Last week perennial campaigners the Scottish Resistance asked the PC behind the desk in Barrhead station to have Blair put behind bars.
The group, who previously led a protest outside the Tunnock’s factory after rumours that the biscuit manufacturer was making the branding a little less Scottish, believe the then-government were in breach of the Kellogg-Briand pact, a 1928 agreement where signatories promised not to use war to resolve “disputes or conflict”.
Speaking outside the station, James Scott from the Resistance said they were doing their utmost to see Blair in the Hague.
“See if some superior species was to come from another planet they would reckon that Tony Blair is just as bad as Hitler.
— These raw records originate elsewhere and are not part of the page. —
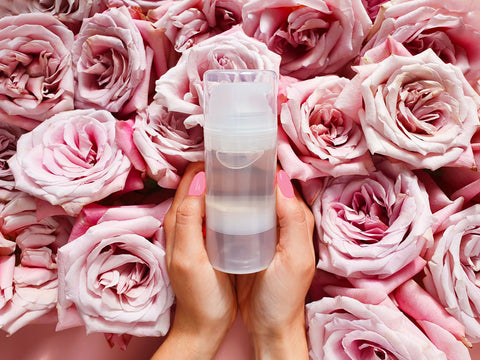 woman holding lubricant over a bunch of pink roses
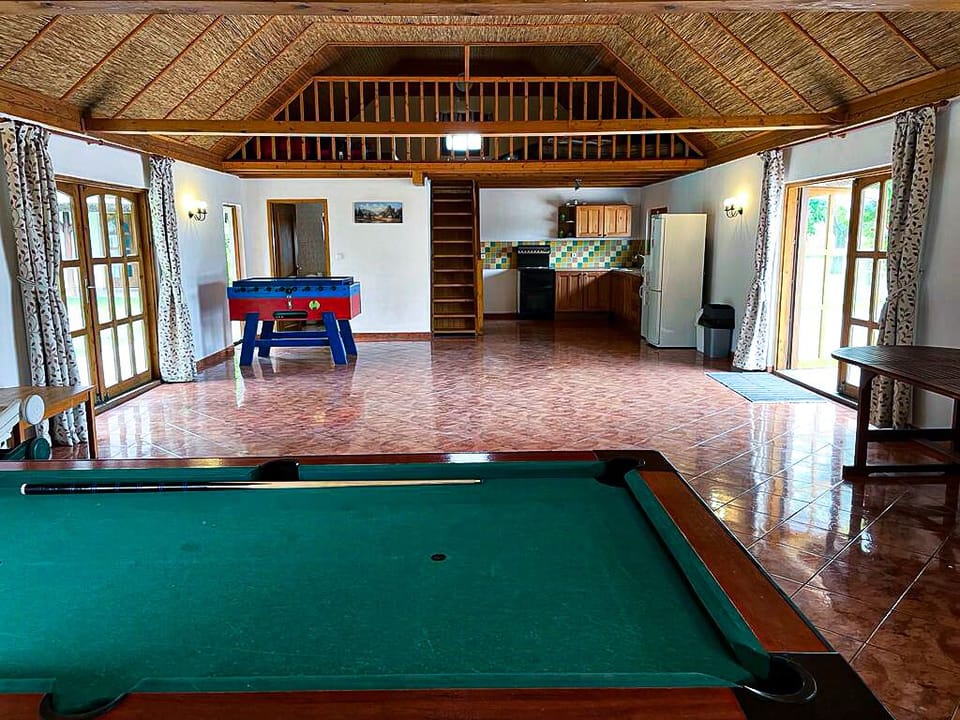 Pool house with kitchen, toilet with shower, staircase to mezzanine floor 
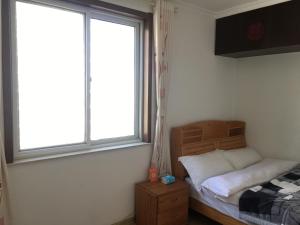 Letto o letti in una camera di Yailon House - TieXinQiao Metro St-ation - NanJing South Railway St-ation - 雅伦之屋-铁心桥地铁站-火车南站店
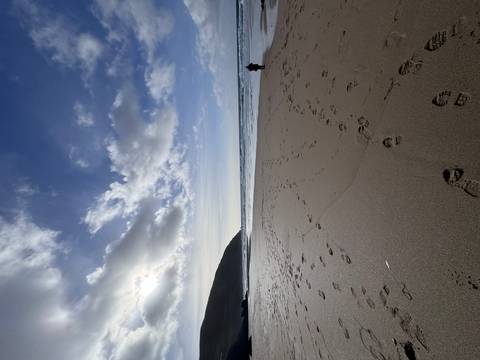 Wide sandy beach with scattered footprints leading to waves under a bright blue sky and scattered clouds.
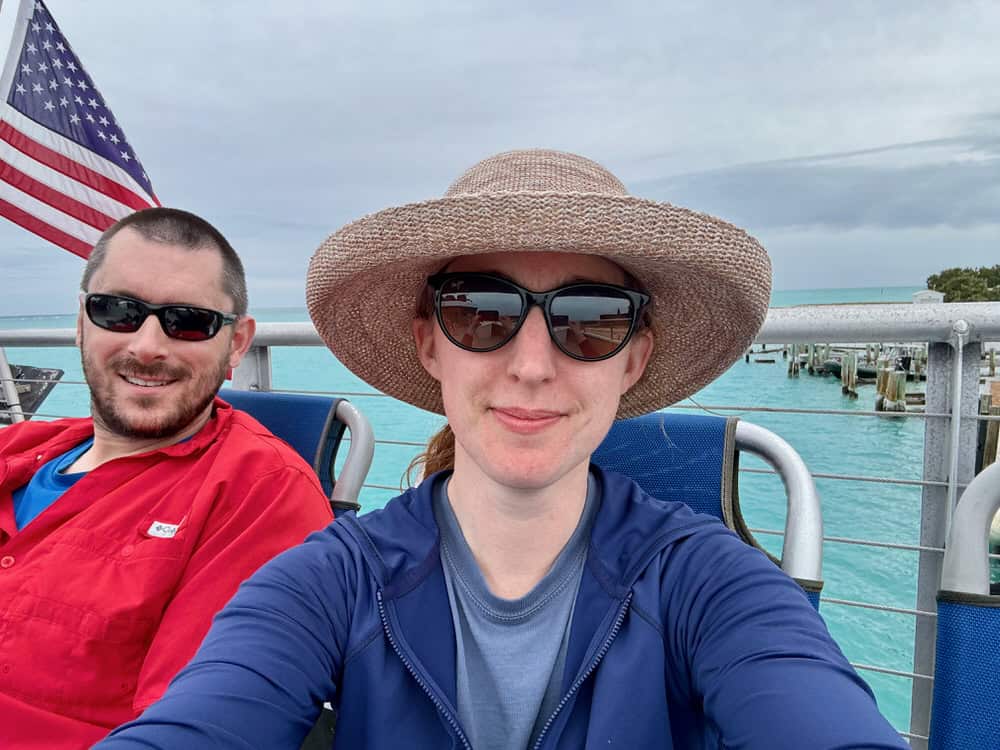 A man and woman sit on the upper deck of a passenger ferry in Key West Florida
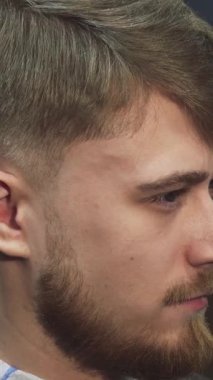 Bu yakın plan, yetenekli bir berber moda saç kesimini titizlikle şekillendirirken kendine güveni yayan yakışıklı bir genci gösteriyor. Modern dekor ve enerjik enerjiyle dolu şık bir berber ortamı, sanatın ve hassasiyetin altını çiziyor.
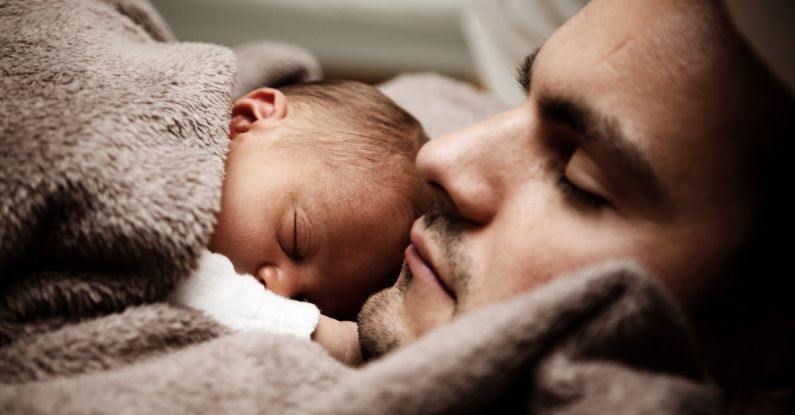 Napping - Close up of a Dad and his Little Baby Sleeping Together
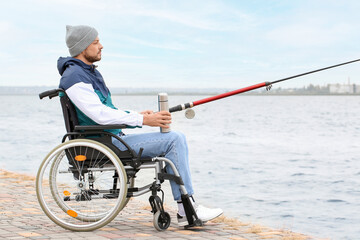 Canvas Print - Man in wheelchair fishing on river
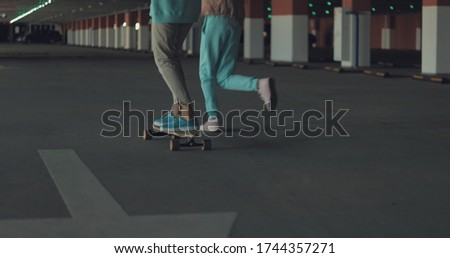 Smiling woman standing on a longboard while her friend is pushing her behind and running in car parking. Enjoying life. Urban city lifestyle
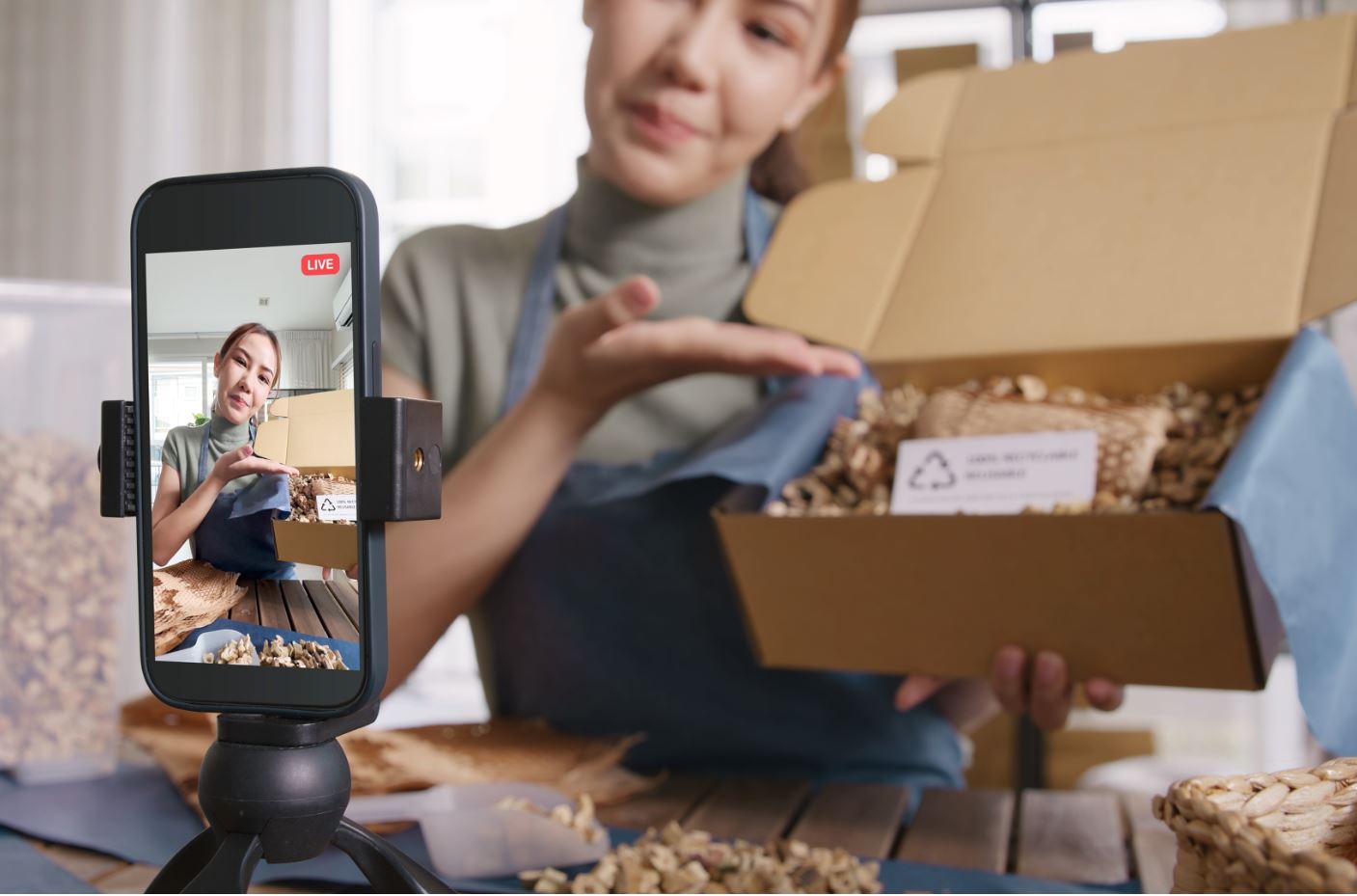 Weibliche Influencerin hält ein Produkt im Karton vor ihre Handykamera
Basically, he is a mass murderer” he said.
Fellow resistance member, Sean Clerkin said: “We’re reporting a war crime, we expect the police to investigate this, and we expect them take action in relation to Tony Blair and Jack Straw.”
Scott and Clerkin spoke to police for 15 minutes and were given a crime incident number.
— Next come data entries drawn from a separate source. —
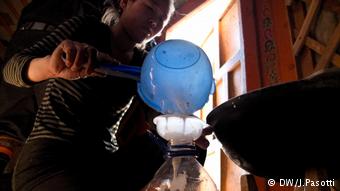 A young woman pours camel milk into a bottle inside her ger, a typical nomad's tent in Mongolia (Photo: Jacopo Pasotti)
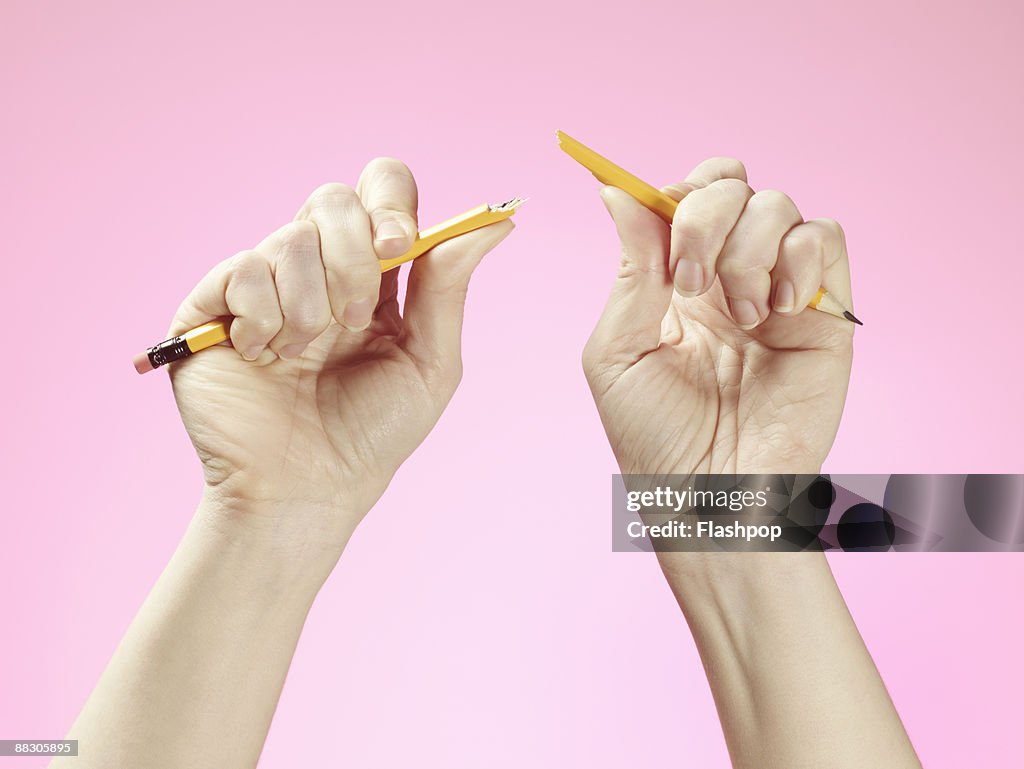 Hands holding broken pencil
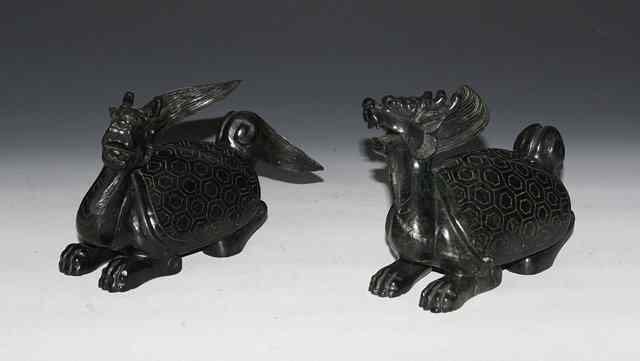 Appraisal: A PAIR OF CHINESE DARK GREEN HARDSTONE DRAGONS with pierced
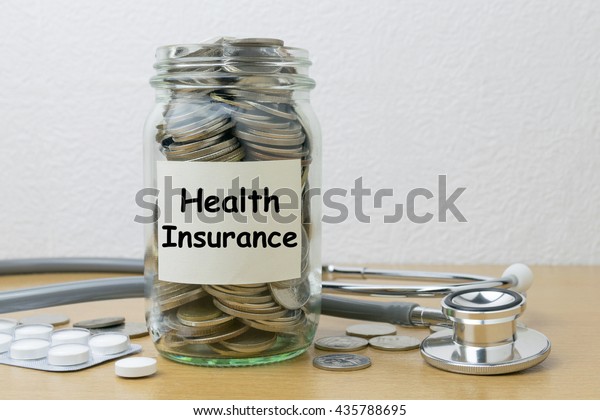 Money\
saving for health Insurance in the glass bottle\
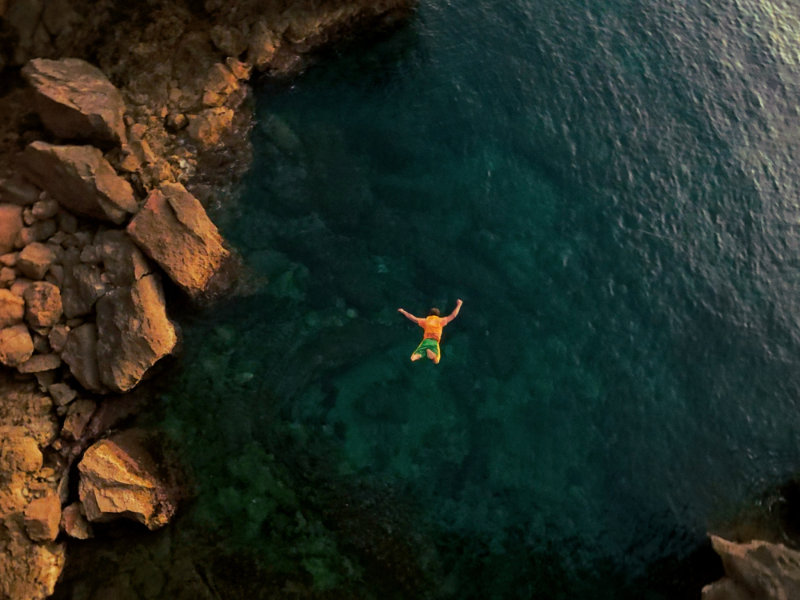 Aerial view of a person in an orange shirt jumping into turquoise water from a rocky cliff.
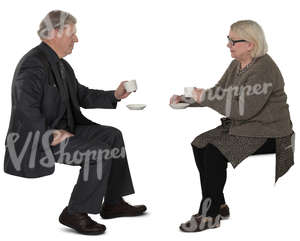 elderly couple sitting in a cafe and drinking coffee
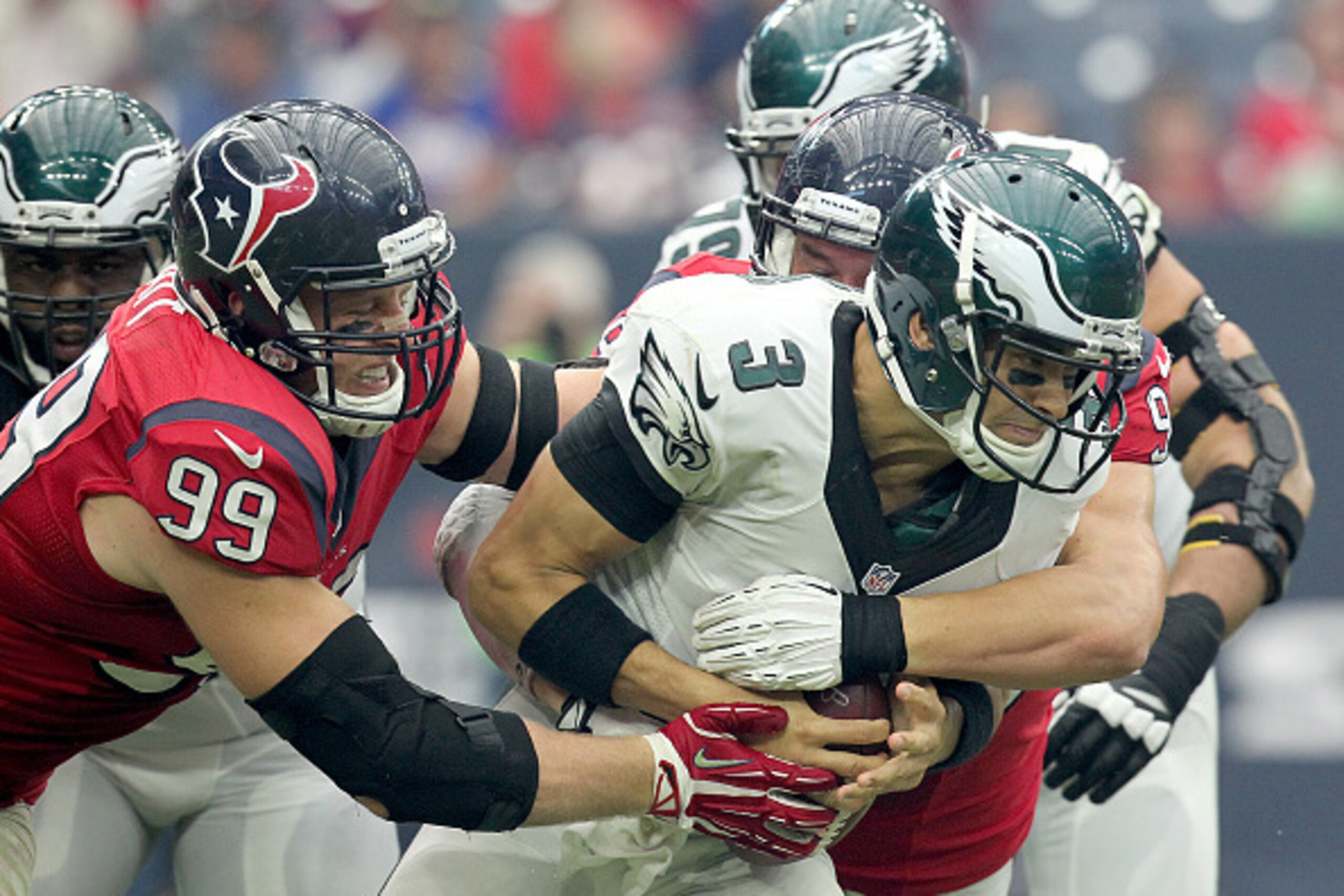 HOUSTON, TX- NOVEMBER 02: J.J. Watt #99 of the Houston Texans sacks Mark Sanchez #3 of the Philadelphia Eagles in the second half in a NFL game on November 2, 2014 at NRG Stadium in Houston, Texas. Eagles won 31 to 21. (Photo by Thomas B. Shea/Getty Image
They have urged others to go to their local police office and ask for Blair and Straw to be arrested for being in breach of the Kellogg-Briand pact.
The Kellogg-Briand Pact was signed by Germany, France and the United States, with the United Kingdom joining a year later. It has had notably little effect in ending war.
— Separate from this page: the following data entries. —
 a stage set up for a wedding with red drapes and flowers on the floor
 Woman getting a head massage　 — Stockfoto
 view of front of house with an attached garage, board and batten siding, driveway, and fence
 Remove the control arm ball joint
A group of MPs are trying to have Blair found in contempt of parliament for lying to the House of Commons five times.
Tory MP David Davis who is involved in the process to be debates tomorrow, said they tried to impeach Blair but found that it was impossible.
“It’s out of date, our impeachment procedure,” Davis said.
“Instead I’m going to put down a motion of contempt. Saying Mr Blair had held the House in contempt. It’s a bit like contempt of court.”
He the BBC’s Andrew Marr: “They did it with Profumo, and this is much more serious than that.”
In 1961, at the height of the Cold War parliament voted on a motion saying Tory War Secretary John Profumo had held Parliament in Contempt.
Profumo had lied about an affair he had with model and showgirl Christine Keeler, who was also connected to a russian intelligence officer.